There have been numerous studies concerning the benefits of mediation, from alleviating mental challenges like stress, depression and PTSD, to helping with physical challenges, such as high blood pressure, insomnia, and psoriasis.

But where to begin? And what’s keeping us from it? What should we expect from meditation?         

Things to help you start…or pivot!

I’ve been doing a heart based meditation practice for 14 years. Prior to that, I had dabbled in various forms of meditation as well. In no way do I consider myself anything close to an “expert” – and such an attitude would run counter to the nature of it! But I have experienced some things which have limited my ability to let go, shed baggage and find joy.

As meditation becomes more mainstream in Western cultures, I’ve also stumbled upon (or through!) some things while exploring other practices.

Hopefully this list helps you avoid some of them too… 🙂

11 Meditation Myths

  1. You need a dedicated space/room – or a specific app/technique for meditation to be effective. A quiet room with minimal distractions or a guided recording can certainly help, but only meditating when you have these elements may actually limit your attitude and experience over time. A good meditation practice is one that you can bring into every moment, not just when your environment is optimum.
  2. Meditation requires singular attention or heightened awareness to be effective.
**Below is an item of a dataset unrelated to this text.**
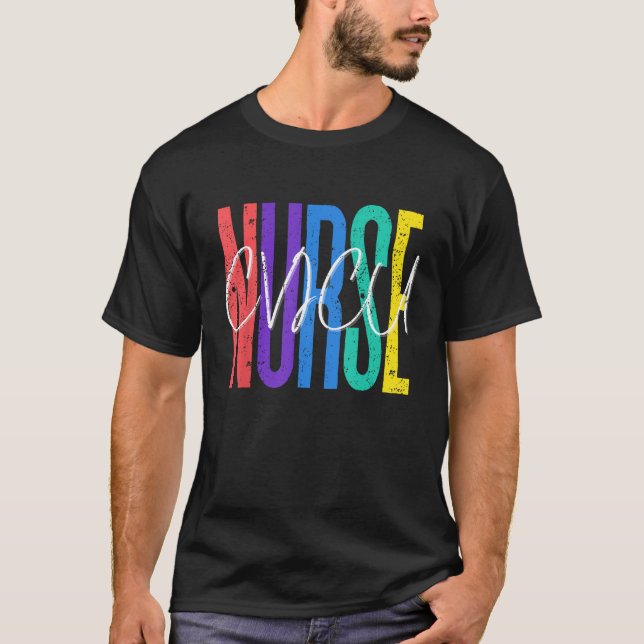 T-shirt Équipe de l'École de travail des infirmières et in (Devant)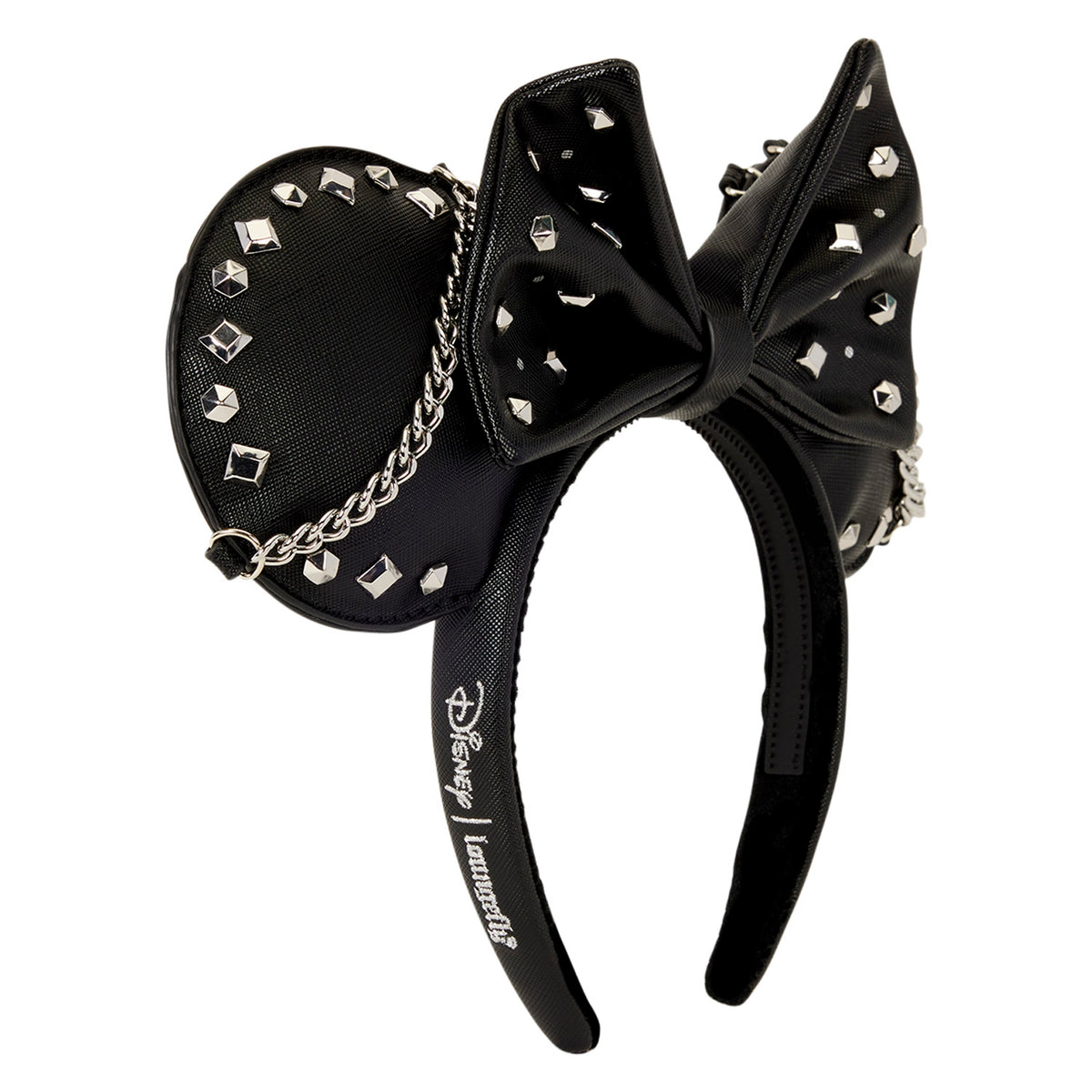 Loungefly x Disney Minnie Mouse Studs & Chains Ear Headband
Focus on breathing, the repetition of a mantra, scanning/observing the body, and visualizing are all common meditation techniques. But how effective are they? In my experience, these methods can be useful in raising awareness of parts of us that are holding and can be effective in calming us down. But I have also found that they can make me busy, becoming an observer of my experience that is itself a form of “doing,” making it challenging to reach deeper levels of peace.
  3. If there was a goal to meditation, it might be stillness. Quieting our thoughts and the monkey mind is certainly a good thing, but it does not reflect the true potential of a meditation practice. A good meditation practice should not only help us be calmer, but it should bring us a sense of connectedness and joy.
  4. Meditation is really just an inward-looking practice. Whether done alone or in a group, the most beautiful and profound meditation practices I’ve experienced involve connection and relationship. I’m talking about connection to who you really are and to something beyond yourself. And as we begin to deepen this connection and interrelationship, we change what we “broadcast” to others – either consciously or unconsciously – helping those around us as well.
  5. If I’m tense, I won’t be able to “get there,” so better to wait for the turmoil to pass. This is a tricky one. It’s true that tension and holding are related, and if you’re holding you can’t be taken deeper into your practice. But waiting for the moment to pass might mean being stuck in some pretty negative stuff. A good meditation practice incorporates a natural process that supports you to relax.  I have found that without incorporating a relaxation component, the heart and mind cannot properly come into alignment. This could be as simple as taking a few deep (e.g. “yoga”) breaths, touching your heart, and smiling sweetly to your heart. With practice, this “relaxation reset” becomes easier and faster.
  6. Meditation is something I need to get “good at”; it’s something that takes diligence and practice to master. There’s no getting around the need to practice regularly, as this helps us go deeper into our experience of what we at HBI call “true heart feelings.” But this is not at all about mastery or overcoming limitations, either internal or external. A good practice should be about allowing: surrendering the control and who is “in charge” and letting the connection to that which is beyond us melt away the things that keep us from deepening those feelings.   
  7. If thoughts come in or I drift I’m getting it wrong. Let’s get this one out of the way now. 🙂 We’re human. Many of us have spent all our waking moments thinking, planning, critiquing, observing, absorbing, pondering, calculating, imagining, weighing, deciding, remembering, sensing, and then some. We can’t just turn this off. Second, there is no such thing as getting it wrong, as this is implicitly self-judging and limiting. Thoughts will come in. But when they do, instead of beating ourselves up, just go back to simply letting them go instead of overcoming it. Just smile to those thoughts, and let your heart connection bring you deeper again.
  8. My mind is a saboteur, undermining my ability to find peace. The mind is not the enemy. It’s a blessing and a gift. Without it, we could not be aware of our reactivity or self-defeating patterns. In my experience, with the help of the heart, the mind can become an ally carrying out the (usually) untapped innate wisdom within our hearts.
  9. If I’ve hit a plateau, I need to try harder, try a new technique, or try to focus more. I’ve found that if I try and use a “special talent” or technique, I get over-involved in the process. If you’re not experiencing what you think you should be, please don’t try harder. People often undermine their practice by putting in more “effort,” which can significantly limit the experience. This is a process that should unfold and get easier as well as more natural.  
  10. Meditation is boring / I’m not the meditation “type”. We are conditioned to look for stimulation. That said, there are surely times when we feel our minds are full enough, regardless of our “typical” demeanor. What may be lacking is not our attention spans, but the means by which we experience peace, calmness, connection, and joy. Find a practice that helps you experience these, and I don’t think you’ll be bored!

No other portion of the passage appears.